From an "outsider's" perspective (as in, I am neither a parent nor an only child) the one thing I noticed, growing up close friends with a number of single kids, is that the single kids were often socially on-par with the homeschooled kids I know.
As in, they are wonderful, mature, intelligent, people who could easily relate to adults but they had a much harder time relating to people their own age in a normal way (either much too clingy or much too "who needs other people - leave me alone, you're too 'immature' for MY mind"). That's not to say they could never relate easily but most of the singles I know that achieved that were either super extroverted from the beginning or made a conscience decision to learn how to socialize with their peers.
Of course, I was always one of the "odd" ones and also had to make the decision to figure out how to interact with my peers in a way they found less "strange" (I grew up very close with my brother - basically like twins that happened to come out a year apart and our parents have always talked to us like we're grown-ups, even before we could talk so we showed up for kindergarten with huge vocabularies, talking the way adults do, etc - made for an interesting time, haha) but I was able to do it, unlike some of the singles I know.

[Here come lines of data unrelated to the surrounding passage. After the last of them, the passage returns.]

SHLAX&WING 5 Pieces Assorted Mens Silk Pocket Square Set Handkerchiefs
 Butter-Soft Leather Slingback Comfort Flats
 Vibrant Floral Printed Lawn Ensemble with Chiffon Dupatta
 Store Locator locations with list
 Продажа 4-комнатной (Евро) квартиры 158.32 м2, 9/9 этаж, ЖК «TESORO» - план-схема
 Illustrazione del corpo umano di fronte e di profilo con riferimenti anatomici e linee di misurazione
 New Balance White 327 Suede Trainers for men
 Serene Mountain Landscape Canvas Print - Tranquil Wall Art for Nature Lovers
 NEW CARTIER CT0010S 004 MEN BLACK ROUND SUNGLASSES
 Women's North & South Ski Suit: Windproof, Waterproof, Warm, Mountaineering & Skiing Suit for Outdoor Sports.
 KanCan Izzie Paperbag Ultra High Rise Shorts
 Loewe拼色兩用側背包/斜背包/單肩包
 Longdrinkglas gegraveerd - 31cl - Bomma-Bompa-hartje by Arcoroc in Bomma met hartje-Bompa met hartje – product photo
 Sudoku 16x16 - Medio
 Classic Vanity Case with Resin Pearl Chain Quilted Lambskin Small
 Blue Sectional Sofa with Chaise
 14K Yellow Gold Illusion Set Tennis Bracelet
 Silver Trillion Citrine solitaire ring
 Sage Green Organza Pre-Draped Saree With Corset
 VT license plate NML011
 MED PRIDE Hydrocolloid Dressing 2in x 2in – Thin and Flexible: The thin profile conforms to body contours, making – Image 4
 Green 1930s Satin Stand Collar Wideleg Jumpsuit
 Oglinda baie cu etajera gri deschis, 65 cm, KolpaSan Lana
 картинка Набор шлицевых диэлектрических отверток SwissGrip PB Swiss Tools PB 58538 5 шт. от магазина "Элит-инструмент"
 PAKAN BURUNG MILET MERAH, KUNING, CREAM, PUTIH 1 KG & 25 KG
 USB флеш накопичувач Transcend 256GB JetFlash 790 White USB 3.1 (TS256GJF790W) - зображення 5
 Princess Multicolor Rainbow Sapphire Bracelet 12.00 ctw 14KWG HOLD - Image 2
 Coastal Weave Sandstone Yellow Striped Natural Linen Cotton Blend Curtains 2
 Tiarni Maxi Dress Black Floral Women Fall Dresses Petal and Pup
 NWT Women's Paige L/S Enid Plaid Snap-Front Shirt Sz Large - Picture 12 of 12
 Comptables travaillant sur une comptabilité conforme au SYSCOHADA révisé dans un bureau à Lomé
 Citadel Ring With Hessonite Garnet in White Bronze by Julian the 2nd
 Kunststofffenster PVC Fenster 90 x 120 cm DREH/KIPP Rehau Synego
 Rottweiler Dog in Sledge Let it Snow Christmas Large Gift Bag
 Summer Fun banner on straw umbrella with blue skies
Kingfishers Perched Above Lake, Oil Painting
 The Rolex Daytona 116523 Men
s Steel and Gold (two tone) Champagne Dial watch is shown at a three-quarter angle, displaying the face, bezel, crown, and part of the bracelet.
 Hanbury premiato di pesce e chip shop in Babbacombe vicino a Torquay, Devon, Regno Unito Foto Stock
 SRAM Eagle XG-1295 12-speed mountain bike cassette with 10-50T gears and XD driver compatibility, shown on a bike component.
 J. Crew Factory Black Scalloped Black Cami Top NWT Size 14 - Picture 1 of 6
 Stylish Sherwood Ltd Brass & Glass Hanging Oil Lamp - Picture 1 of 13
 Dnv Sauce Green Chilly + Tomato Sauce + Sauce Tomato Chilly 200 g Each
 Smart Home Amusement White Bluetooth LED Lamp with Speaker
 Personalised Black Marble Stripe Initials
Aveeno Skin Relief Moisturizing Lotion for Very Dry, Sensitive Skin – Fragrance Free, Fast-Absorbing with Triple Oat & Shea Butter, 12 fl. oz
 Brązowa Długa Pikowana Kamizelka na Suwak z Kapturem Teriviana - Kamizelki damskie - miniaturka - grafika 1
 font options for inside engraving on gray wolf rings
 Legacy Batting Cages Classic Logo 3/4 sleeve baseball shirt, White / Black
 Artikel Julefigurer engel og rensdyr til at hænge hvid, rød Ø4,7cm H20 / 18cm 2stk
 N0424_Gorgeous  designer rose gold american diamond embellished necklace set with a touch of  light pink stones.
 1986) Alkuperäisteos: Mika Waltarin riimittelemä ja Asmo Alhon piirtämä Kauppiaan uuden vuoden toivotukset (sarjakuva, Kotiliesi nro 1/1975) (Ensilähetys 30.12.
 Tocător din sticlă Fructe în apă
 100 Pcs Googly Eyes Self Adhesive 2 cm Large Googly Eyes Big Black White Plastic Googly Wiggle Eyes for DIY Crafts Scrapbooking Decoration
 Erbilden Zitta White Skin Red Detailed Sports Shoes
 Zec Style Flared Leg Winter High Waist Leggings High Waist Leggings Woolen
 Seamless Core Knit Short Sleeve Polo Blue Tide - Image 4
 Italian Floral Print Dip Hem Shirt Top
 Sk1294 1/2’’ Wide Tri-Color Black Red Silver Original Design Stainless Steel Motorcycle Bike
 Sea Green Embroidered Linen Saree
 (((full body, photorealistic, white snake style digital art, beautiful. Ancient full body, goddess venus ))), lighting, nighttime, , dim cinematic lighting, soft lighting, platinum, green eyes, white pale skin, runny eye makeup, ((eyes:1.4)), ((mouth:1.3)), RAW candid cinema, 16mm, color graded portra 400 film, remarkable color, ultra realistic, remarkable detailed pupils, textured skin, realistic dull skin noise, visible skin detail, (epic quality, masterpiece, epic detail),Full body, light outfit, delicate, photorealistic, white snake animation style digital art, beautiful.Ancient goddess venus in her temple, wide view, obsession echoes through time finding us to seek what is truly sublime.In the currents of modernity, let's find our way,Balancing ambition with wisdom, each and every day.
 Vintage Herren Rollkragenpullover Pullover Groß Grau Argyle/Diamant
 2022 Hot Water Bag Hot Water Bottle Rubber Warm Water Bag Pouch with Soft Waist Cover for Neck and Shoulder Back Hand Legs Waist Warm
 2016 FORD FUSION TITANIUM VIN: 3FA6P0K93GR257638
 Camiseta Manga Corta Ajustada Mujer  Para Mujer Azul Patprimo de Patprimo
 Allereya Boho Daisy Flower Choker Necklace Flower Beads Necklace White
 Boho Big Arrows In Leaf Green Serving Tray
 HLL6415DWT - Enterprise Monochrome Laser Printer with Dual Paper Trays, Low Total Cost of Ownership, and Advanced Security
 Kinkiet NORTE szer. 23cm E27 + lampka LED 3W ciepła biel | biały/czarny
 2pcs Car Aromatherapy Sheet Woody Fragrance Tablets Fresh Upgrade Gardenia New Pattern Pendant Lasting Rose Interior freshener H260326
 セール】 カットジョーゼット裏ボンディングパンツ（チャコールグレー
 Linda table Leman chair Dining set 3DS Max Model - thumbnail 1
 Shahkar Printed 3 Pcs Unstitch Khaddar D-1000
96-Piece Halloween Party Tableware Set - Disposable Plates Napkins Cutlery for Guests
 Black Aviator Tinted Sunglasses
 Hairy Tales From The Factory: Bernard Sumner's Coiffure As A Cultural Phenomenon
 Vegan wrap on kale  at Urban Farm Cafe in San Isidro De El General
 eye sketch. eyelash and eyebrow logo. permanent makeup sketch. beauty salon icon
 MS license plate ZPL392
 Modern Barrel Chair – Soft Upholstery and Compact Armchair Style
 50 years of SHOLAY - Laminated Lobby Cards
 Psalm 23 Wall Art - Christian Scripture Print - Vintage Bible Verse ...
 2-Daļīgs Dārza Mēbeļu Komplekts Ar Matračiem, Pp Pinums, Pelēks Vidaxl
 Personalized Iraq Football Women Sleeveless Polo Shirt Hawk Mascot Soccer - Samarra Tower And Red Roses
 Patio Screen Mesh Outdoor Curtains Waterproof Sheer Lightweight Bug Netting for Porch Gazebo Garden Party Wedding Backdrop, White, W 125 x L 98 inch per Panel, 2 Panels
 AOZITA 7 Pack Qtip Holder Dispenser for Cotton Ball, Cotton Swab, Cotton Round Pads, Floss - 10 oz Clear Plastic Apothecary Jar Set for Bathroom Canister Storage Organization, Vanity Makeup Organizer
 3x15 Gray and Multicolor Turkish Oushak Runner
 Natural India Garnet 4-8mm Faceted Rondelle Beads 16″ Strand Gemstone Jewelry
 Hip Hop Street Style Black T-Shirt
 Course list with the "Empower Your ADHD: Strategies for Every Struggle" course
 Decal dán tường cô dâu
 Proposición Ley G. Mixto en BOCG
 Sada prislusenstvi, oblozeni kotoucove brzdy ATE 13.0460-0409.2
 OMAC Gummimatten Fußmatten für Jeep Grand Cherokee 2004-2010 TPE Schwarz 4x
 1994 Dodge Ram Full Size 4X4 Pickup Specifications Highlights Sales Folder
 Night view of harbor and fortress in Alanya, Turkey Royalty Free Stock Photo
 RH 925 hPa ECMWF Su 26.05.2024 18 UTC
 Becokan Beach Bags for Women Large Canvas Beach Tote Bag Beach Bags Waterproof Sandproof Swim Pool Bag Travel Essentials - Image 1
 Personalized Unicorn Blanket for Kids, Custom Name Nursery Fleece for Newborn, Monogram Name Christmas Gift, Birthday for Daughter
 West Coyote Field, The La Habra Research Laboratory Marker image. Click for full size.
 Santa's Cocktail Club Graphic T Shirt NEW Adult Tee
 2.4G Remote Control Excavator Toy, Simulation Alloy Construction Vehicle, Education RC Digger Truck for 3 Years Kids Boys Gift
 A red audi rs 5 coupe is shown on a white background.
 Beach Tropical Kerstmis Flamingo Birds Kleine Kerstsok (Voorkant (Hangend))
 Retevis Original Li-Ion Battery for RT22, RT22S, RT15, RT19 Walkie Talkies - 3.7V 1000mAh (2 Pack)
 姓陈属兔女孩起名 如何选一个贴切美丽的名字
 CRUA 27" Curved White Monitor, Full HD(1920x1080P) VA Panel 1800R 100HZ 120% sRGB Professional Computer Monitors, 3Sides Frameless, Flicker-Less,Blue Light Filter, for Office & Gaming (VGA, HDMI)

There's nothing wrong with being different but I've always felt sympathetic to the super introverted kids who grew up without a sibling, spending a lot of time alone from a young age, etc. Maybe it's one of those "don't know what your missing" things but I know as a VERY introverted person who grew up rather socially (my mom knew I was going to be really introverted from the time I was very little so she made an effort to get me out there so I wouldn't end up more inside myself than I was already going to be), it was darn hard for me to assimilate into life. As it is, I'm only now, nearly done with college, coming into my own where all my friends appear to see me as "the cool quirky one"...and of course, that makes no sense to me but annnnyway.
Basically, my bottom line: socialization with a variety of peers!
On the other hand, sometimes I wish I had been an only child! None of this 'brother getting away with stuff because he can' junk!